As interest rates are the verge of rising, and Australia's economy shows signs of a good performance, Treasurer Wayne Swan is insisting that government stimulus packages are necessary.
He rejects claims the stimulus plans are causing rates to rise. Mr Swan says the Government wont hesitate to continue spending despite improving conditions.
Mr Swan is expected to reveal an updated budget today that shows the Australian economy has been performing better than most expectations during the global economic crisis.
Reserve Bank Governor Glenn Stevens has shown support for the Rudd Governments stimulus packages and said at a parliamentary committee question session yesterday that he endorses the policy.
“Governor Stevens made it very clear - as did many other people before the inquiry - that there is no direct link between the stimulus measures and possible future interest rate rises. In fact, he pointed out that interest rates in this country are impacted upon by global factors not just decisions of the Reserve Bank.” said Mr Swan
Some banks including the Commonwealth Bank, have already started raising fixed interest rates, ahead of predicted cash rate rises in November.
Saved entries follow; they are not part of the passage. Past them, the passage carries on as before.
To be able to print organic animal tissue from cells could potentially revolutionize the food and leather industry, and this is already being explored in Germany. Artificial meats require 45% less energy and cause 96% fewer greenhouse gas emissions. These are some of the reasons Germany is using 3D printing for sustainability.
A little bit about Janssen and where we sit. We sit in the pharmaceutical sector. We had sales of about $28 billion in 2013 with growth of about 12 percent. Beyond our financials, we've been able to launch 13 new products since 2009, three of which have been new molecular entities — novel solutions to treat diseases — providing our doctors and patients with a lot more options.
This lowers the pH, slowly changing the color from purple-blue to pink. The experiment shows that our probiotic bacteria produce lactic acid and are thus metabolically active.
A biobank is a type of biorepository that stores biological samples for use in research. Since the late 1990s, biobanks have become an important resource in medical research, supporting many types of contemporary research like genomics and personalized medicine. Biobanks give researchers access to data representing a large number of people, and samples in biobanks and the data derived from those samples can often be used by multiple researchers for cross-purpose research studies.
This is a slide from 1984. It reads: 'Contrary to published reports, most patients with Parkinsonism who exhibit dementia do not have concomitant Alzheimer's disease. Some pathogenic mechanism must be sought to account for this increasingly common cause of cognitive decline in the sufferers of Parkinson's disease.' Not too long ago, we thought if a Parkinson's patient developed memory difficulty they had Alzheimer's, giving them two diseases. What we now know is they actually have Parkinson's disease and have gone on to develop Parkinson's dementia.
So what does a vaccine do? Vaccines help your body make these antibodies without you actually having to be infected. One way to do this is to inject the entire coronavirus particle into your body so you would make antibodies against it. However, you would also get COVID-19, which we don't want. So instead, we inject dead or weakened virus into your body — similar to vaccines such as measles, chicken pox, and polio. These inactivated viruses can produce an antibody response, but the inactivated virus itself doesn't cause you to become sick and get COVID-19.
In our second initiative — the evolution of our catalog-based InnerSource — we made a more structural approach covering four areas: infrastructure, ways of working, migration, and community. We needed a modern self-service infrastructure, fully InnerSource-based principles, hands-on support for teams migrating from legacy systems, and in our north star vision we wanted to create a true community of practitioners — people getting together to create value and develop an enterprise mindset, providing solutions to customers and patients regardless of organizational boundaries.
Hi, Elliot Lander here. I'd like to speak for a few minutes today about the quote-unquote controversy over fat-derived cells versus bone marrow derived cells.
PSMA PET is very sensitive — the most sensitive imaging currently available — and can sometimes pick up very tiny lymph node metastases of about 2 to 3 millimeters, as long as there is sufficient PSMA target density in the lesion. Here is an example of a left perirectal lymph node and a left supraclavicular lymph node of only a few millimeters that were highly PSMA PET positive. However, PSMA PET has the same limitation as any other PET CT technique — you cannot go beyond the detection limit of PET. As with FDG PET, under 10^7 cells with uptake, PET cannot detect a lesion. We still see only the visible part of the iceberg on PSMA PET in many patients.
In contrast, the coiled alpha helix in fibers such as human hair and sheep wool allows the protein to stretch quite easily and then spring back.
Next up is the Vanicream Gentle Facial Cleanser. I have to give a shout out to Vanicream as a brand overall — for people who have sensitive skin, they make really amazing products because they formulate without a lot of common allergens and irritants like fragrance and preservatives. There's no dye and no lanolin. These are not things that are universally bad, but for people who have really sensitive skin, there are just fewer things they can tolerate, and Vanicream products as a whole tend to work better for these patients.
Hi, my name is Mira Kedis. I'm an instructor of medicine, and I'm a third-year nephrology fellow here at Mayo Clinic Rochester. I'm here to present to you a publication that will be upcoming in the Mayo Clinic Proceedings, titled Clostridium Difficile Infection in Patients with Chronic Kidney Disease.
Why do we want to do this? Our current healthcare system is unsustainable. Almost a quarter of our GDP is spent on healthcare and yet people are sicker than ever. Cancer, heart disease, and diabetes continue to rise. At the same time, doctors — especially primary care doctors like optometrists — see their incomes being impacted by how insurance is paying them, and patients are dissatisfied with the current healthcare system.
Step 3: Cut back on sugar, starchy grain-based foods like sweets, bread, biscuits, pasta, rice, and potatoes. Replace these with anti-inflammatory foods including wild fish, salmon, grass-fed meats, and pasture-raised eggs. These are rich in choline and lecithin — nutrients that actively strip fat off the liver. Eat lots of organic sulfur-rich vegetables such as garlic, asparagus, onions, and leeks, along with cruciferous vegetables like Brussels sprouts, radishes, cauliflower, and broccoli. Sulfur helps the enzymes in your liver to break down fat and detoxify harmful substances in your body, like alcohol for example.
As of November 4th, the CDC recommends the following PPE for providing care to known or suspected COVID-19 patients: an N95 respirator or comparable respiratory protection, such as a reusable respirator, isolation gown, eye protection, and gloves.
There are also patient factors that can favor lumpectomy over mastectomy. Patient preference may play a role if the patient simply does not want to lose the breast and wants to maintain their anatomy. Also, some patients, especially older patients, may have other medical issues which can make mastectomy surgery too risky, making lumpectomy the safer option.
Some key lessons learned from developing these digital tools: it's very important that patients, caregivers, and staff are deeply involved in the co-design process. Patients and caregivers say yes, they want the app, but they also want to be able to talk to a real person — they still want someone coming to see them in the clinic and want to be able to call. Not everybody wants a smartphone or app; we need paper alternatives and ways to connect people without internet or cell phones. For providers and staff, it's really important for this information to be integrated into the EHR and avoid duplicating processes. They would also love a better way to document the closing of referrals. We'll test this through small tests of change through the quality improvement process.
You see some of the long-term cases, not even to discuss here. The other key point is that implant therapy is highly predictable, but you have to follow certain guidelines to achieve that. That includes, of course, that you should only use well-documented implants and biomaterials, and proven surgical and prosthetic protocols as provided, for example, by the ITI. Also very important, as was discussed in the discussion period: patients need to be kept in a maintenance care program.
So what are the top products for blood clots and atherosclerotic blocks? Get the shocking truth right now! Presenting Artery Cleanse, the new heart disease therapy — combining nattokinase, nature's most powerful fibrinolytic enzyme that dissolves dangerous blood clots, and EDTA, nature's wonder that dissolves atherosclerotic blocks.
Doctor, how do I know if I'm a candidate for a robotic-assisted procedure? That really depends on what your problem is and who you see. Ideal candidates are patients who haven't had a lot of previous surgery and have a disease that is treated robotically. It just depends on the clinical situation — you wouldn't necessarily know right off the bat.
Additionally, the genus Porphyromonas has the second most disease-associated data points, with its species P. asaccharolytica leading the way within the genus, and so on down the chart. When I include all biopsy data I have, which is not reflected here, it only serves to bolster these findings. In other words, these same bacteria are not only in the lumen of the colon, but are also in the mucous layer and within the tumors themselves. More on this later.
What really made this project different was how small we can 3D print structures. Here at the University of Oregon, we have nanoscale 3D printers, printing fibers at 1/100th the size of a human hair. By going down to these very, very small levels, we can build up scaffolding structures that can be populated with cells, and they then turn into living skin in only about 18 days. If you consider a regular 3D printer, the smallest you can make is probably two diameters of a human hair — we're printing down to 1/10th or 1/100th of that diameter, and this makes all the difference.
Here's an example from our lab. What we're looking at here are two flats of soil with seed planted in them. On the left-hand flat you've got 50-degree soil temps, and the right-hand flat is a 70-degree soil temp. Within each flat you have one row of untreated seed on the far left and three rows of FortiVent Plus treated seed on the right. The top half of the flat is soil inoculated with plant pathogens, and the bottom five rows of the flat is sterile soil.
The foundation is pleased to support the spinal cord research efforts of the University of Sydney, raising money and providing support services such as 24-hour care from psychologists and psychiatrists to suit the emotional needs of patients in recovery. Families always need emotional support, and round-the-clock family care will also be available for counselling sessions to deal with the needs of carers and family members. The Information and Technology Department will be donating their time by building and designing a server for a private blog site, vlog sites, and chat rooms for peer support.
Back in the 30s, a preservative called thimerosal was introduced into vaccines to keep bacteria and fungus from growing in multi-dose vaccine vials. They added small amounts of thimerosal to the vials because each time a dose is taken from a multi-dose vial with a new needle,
However the treasurer has denied this is due to the government spending.
Mr Swan says the stimulus plans will be required into next year as a way of supporting sectors that are not faring so well, such as private industry demand.
The government announced to stimulus packages during the financial crisis. The first one increased the first home owner grant temporarily and the second one saw many Australian's receive cash handouts. The spending spree was aimed at supporting housing markets and to boost consumer confidence.